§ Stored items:

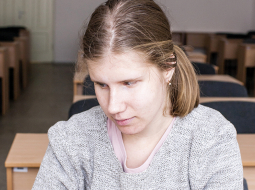 Mans ceļš ir mana brīvība un mans pienākums — šī atziņa kļuvusi par Līvas (20) moto, šoruden sākot studijas Latvijas Kultūras akadēmijā. Studijas Līva savieno ar mācībām mūzikas vidusskolā un nākotnē cer kļūt par mūzikas skolotāju neredzīgiem bērniem kā viņa pati.
Foto — Ieva Salmane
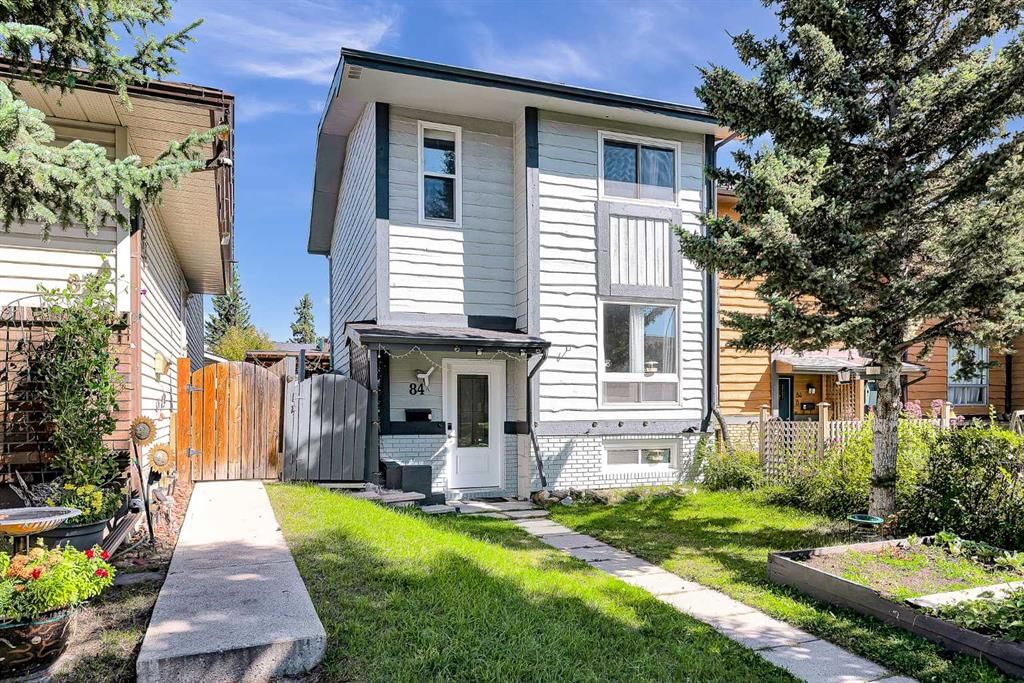84a Cedarwood Hill SW, Calgary — main listing photo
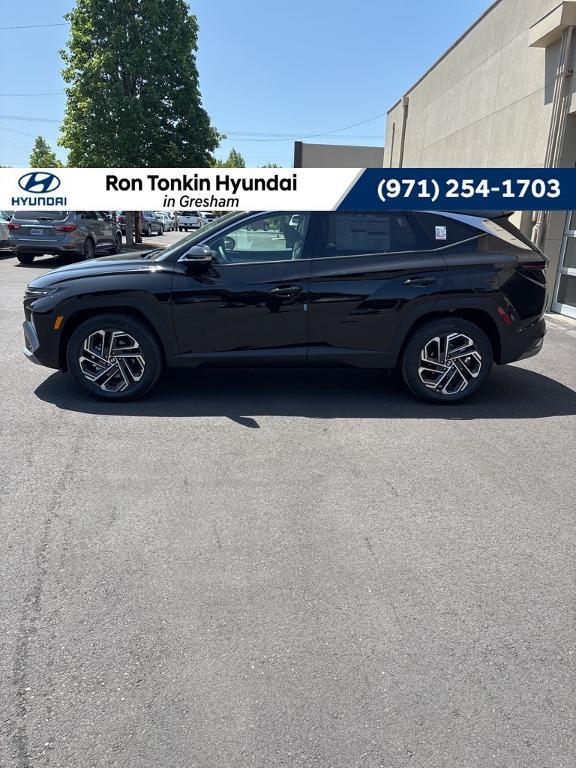 new 2025 Hyundai TUCSON Hybrid car, priced at $42,090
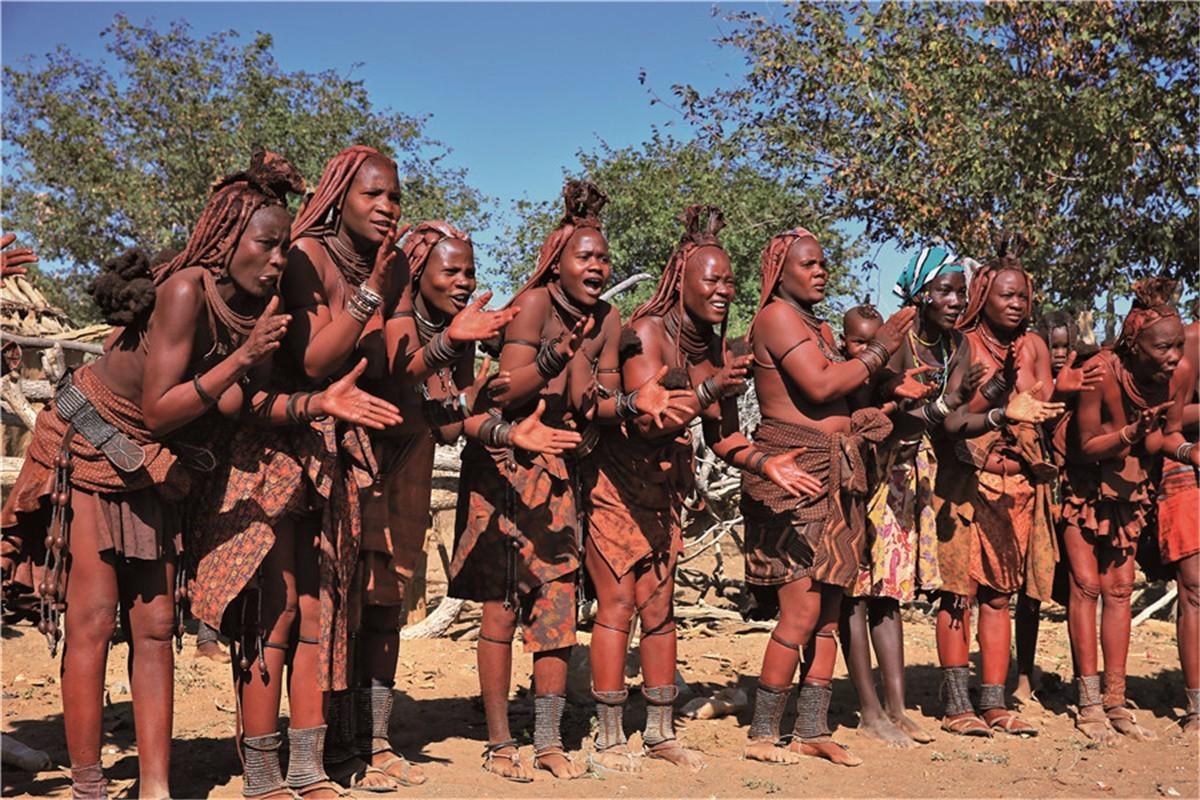 非洲原始部落红泥族:"赤裸"为美,女人从不洗澡,男人18算长寿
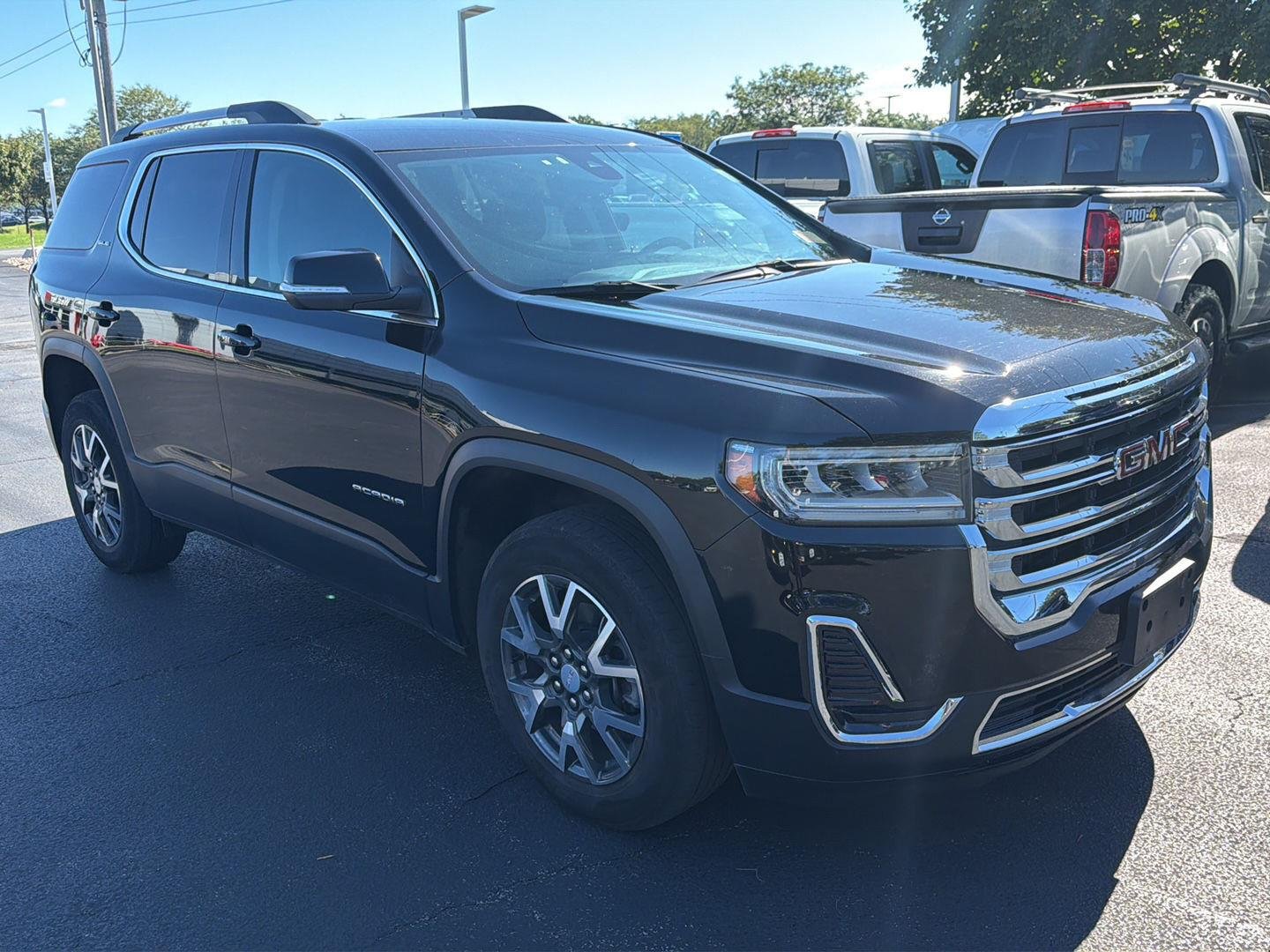 Used 2023 Ebony Twilight Metallic GMC SLE image 3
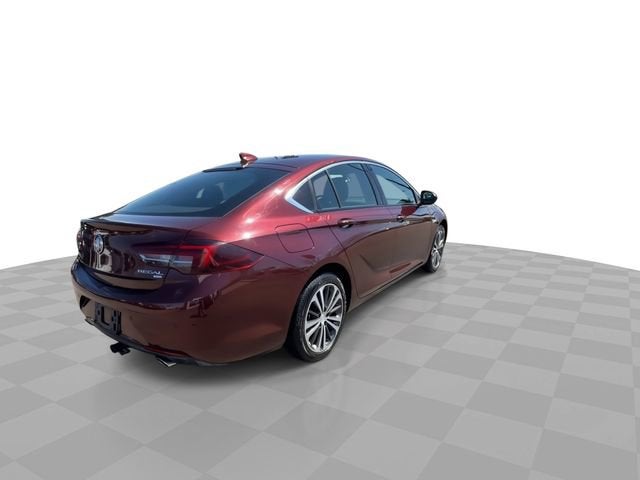 2018 Buick Regal Sportback Essence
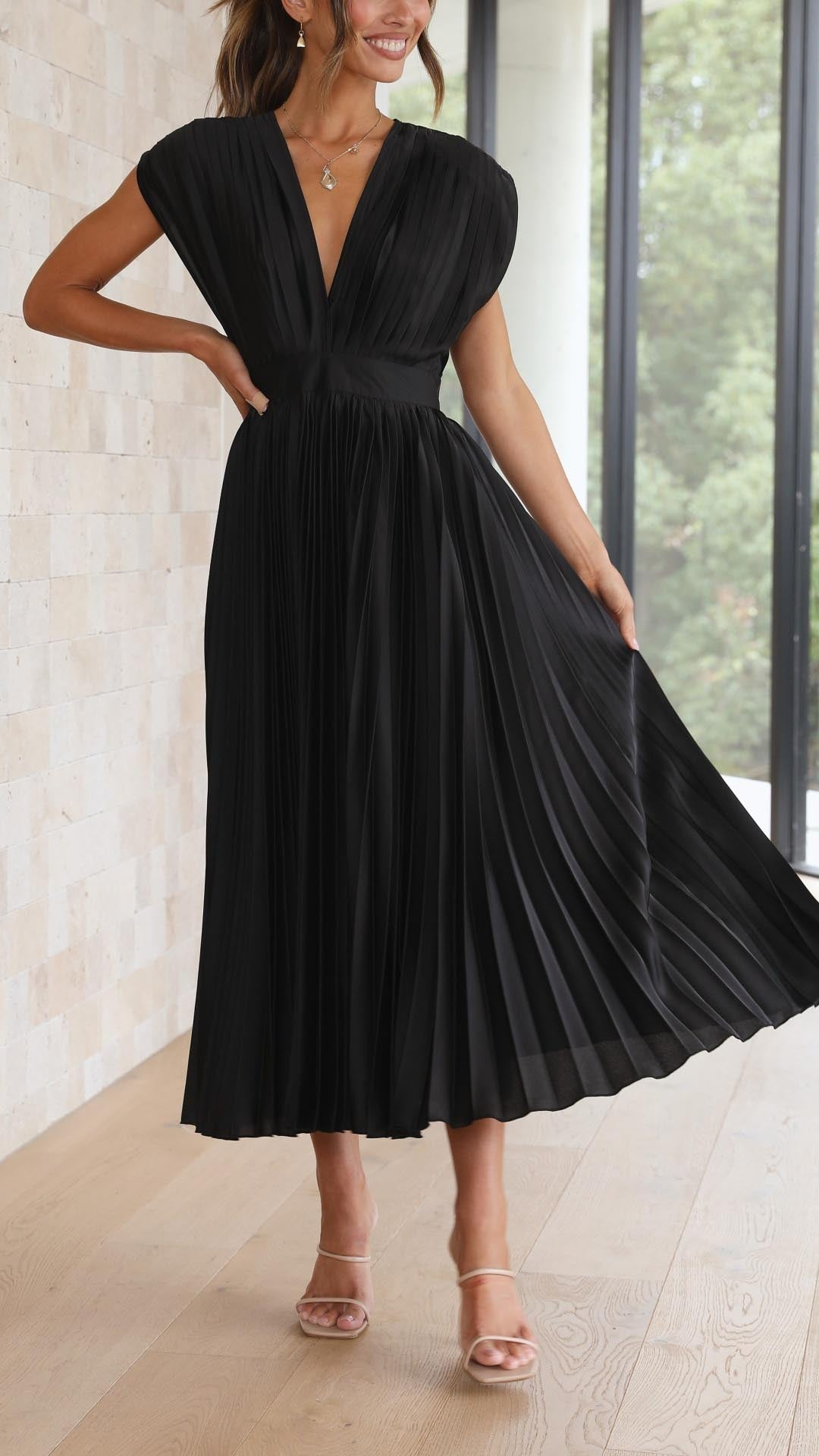 Vestido Elisa™ – Elegancia Plisada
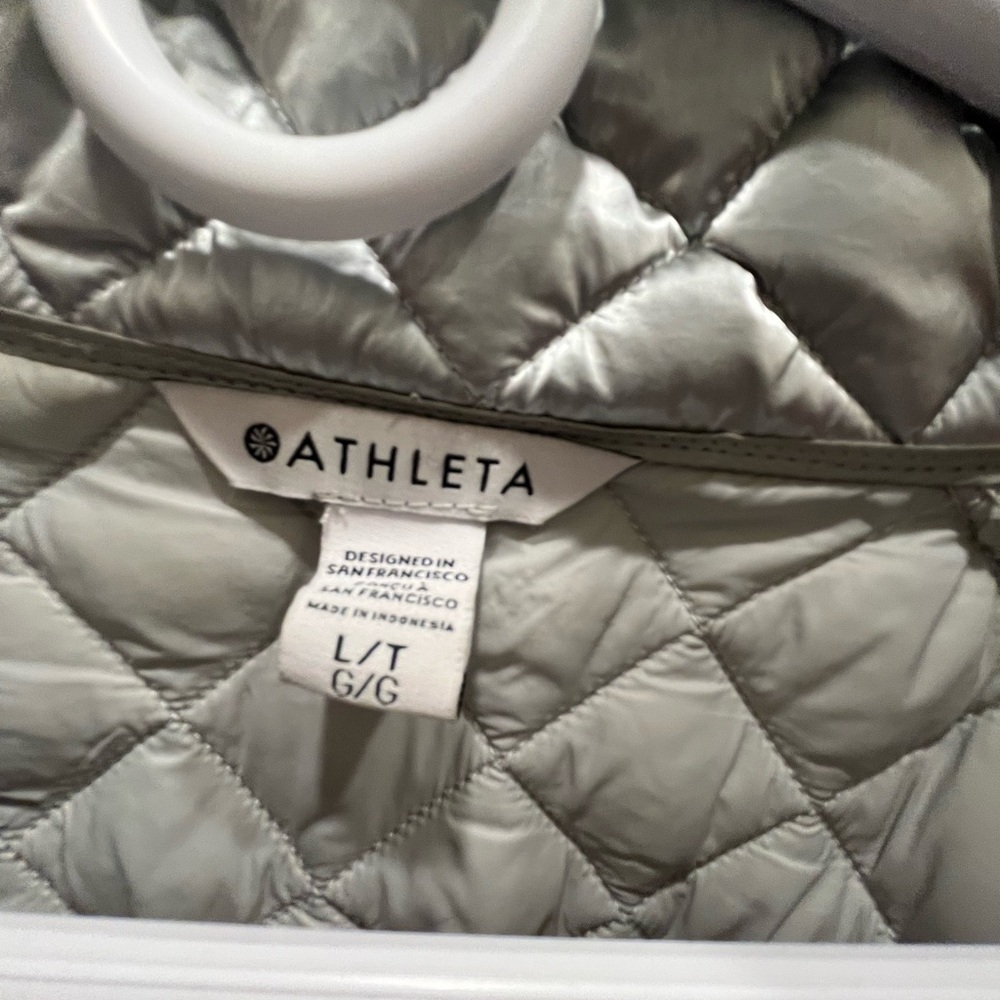 Athleta Whisper Featherless Metallic women’s jacket - Picture 4 of 4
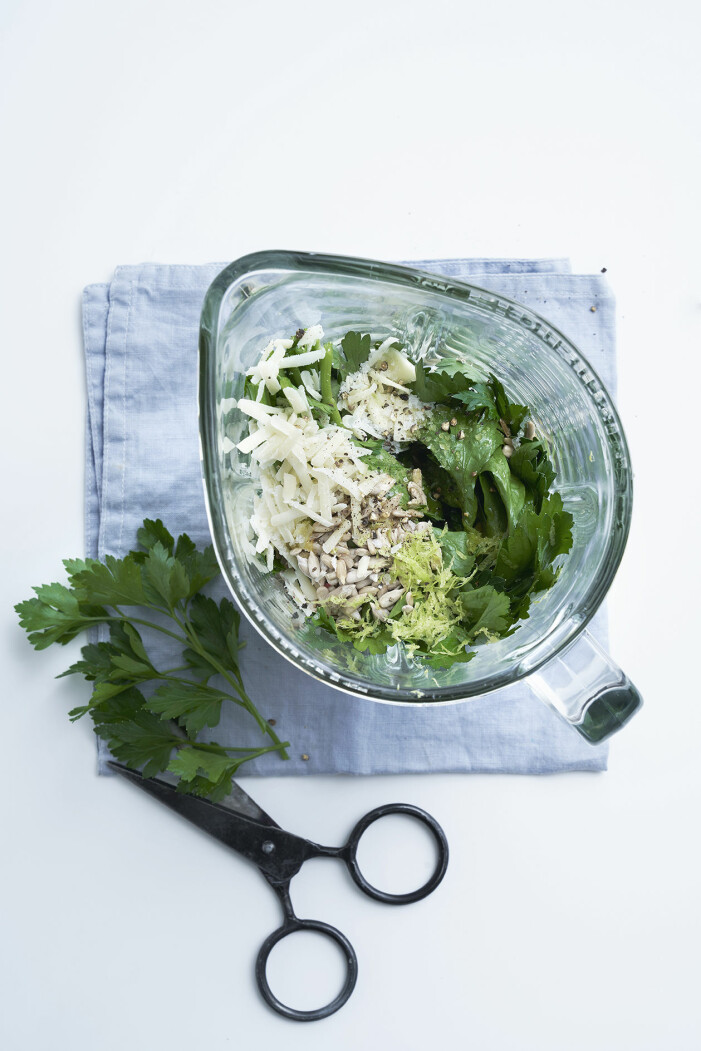 Spenatpasta med persiljepesto, steg 3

§ Exercise requirements: Copy out the data verbatim, excluding the pictures.

§ Written solution:
 Mans ceļš ir mana brīvība un mans pienākums — šī atziņa kļuvusi par Līvas (20) moto, šoruden sākot studijas Latvijas Kultūras akadēmijā. Studijas Līva savieno ar mācībām mūzikas vidusskolā un nākotnē cer kļūt par mūzikas skolotāju neredzīgiem bērniem kā viņa pati.
Foto — Ieva Salmane
84a Cedarwood Hill SW, Calgary — main listing photo
 new 2025 Hyundai TUCSON Hybrid car, priced at $42,090
 非洲原始部落红泥族:"赤裸"为美,女人从不洗澡,男人18算长寿
 Used 2023 Ebony Twilight Metallic GMC SLE image 3
 2018 Buick Regal Sportback Essence
 Vestido Elisa™ – Elegancia Plisada
 Athleta Whisper Featherless Metallic women’s jacket - Picture 4 of 4
 Spenatpasta med persiljepesto, steg 3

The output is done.